Material for this exercise -
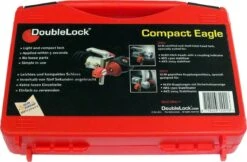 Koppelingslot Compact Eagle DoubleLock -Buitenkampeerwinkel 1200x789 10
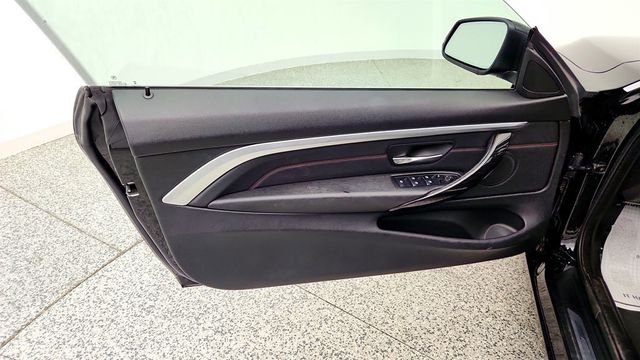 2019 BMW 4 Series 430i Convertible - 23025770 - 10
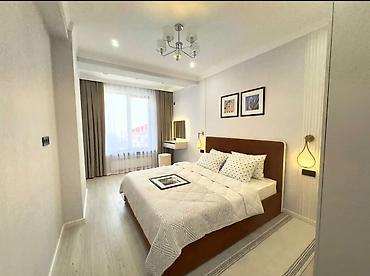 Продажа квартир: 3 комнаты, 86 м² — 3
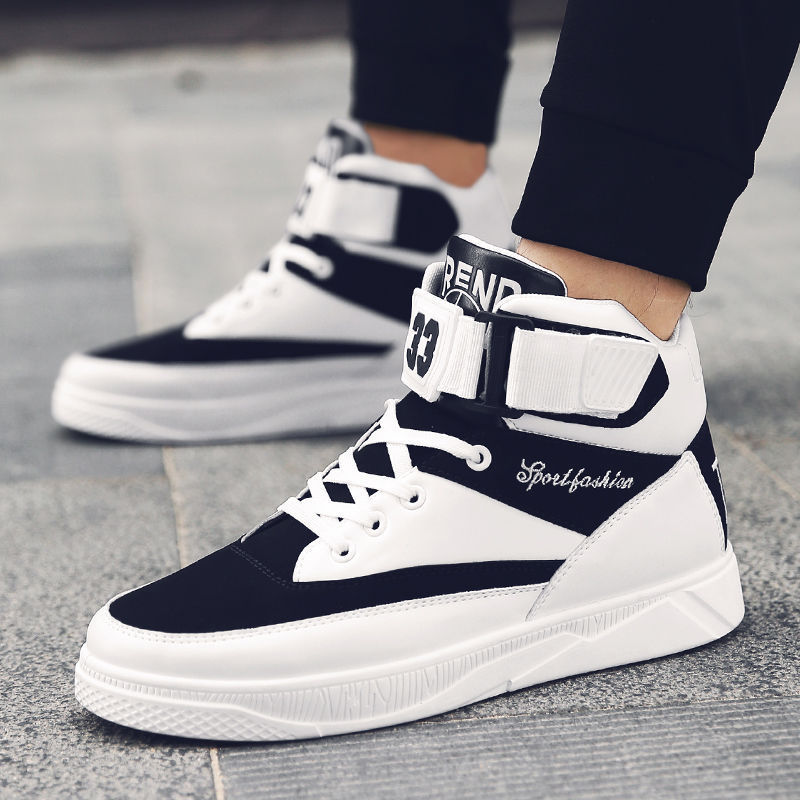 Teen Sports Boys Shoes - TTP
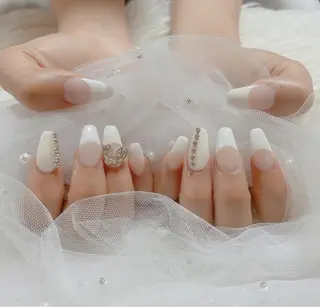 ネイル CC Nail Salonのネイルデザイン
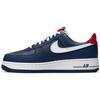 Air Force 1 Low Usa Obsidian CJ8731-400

The task - None of the pictures should be copied, but every record above must be restated in full.

Answer space -
 Koppelingslot Compact Eagle DoubleLock -Buitenkampeerwinkel 1200x789 10
 2019 BMW 4 Series 430i Convertible - 23025770 - 10
 Продажа квартир: 3 комнаты, 86 м² — 3
 Teen Sports Boys Shoes - TTP
 ネイル CC Nail Salonのネイルデザイン
 Air Force 1 Low Usa Obsidian CJ8731-400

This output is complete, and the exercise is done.